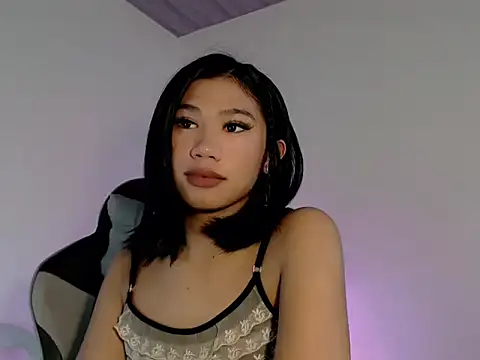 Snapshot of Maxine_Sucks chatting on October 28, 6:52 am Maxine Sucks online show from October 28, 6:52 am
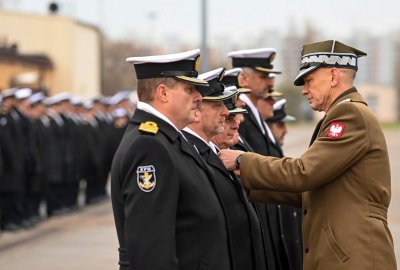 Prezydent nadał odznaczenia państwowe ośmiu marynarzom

--

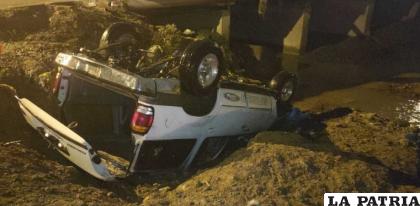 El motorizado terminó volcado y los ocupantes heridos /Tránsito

The problem:
Copy word for word only the lines above from the one with "Snapshot of Maxine_Sucks" through the one with "Prezydent nadał odznaczenia". Leave pictures out.

Answer box:
 Snapshot of Maxine_Sucks chatting on October 28, 6:52 am Maxine Sucks online show from October 28, 6:52 am
 Prezydent nadał odznaczenia państwowe ośmiu marynarzom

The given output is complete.